Serap Oruç

Gazze İnsanım Diyen Herkesin Meselesi

Serap Oruç

Gazze'de soykırımcı, kan emici İsrail tarafından vakitsizce uykusundan yanarak uyandırılan, başları gövdesinden ayrılan bebekler, çocuklar için; anneler, babalar için, insanlar için çok şey söyleyebilirim, çok cümle kurup yazabilirim lâkin söyleyecekken dilim tutuluyor. Kelimeler boğazımda düğüm olup kalıyor. Yazacakken sessizliğimle duânın gücüne haykırmak daha doğru geliyor.

Zira bizler bebek katilleri için günlerdir, hatta aylardır elimizden gelen şeyleri o anki ruh halimize göre yapmaya çalışıyoruz. Yazıyoruz, paylaşım yapıyoruz, yürüyoruz, elimizden geldiğince boykot etmeye gayret ediyoruz. 

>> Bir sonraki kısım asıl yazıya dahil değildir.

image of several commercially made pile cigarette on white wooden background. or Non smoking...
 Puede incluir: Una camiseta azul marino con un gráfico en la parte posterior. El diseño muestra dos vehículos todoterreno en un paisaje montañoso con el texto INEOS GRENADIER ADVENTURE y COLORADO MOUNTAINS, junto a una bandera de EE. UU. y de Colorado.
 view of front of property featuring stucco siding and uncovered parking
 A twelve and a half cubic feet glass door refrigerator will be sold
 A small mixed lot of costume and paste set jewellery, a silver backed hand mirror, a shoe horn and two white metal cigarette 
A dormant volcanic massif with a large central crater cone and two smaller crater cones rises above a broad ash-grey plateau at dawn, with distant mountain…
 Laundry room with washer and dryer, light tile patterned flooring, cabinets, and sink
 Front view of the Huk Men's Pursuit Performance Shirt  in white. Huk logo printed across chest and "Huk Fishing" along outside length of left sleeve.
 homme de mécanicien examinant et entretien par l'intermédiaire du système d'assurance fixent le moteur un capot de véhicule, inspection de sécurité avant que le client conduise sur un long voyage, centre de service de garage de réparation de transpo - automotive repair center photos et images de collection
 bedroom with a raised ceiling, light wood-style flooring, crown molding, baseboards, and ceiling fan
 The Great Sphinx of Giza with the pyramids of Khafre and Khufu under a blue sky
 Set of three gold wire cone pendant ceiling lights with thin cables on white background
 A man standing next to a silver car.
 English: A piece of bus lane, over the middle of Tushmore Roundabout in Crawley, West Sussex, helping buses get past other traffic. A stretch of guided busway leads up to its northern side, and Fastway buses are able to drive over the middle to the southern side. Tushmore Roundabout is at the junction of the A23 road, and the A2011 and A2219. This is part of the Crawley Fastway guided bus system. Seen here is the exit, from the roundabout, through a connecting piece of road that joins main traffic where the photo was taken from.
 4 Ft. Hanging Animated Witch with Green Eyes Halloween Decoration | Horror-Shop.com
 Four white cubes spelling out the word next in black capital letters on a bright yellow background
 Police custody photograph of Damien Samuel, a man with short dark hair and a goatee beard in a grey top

Fakat asıl olan şu ki birkaç güne unutup hayatımıza devam ediyoruz.

Bir babanın elinde başı olmayan çocuğunun bedeni kalıyor biz izliyoruz, bir anne diri diri yanıyor ve bir baba aslında binlerce çocuk, anne, baba yakılıyor, kurşuna diziliyor, bombalanıyor biz izliyoruz.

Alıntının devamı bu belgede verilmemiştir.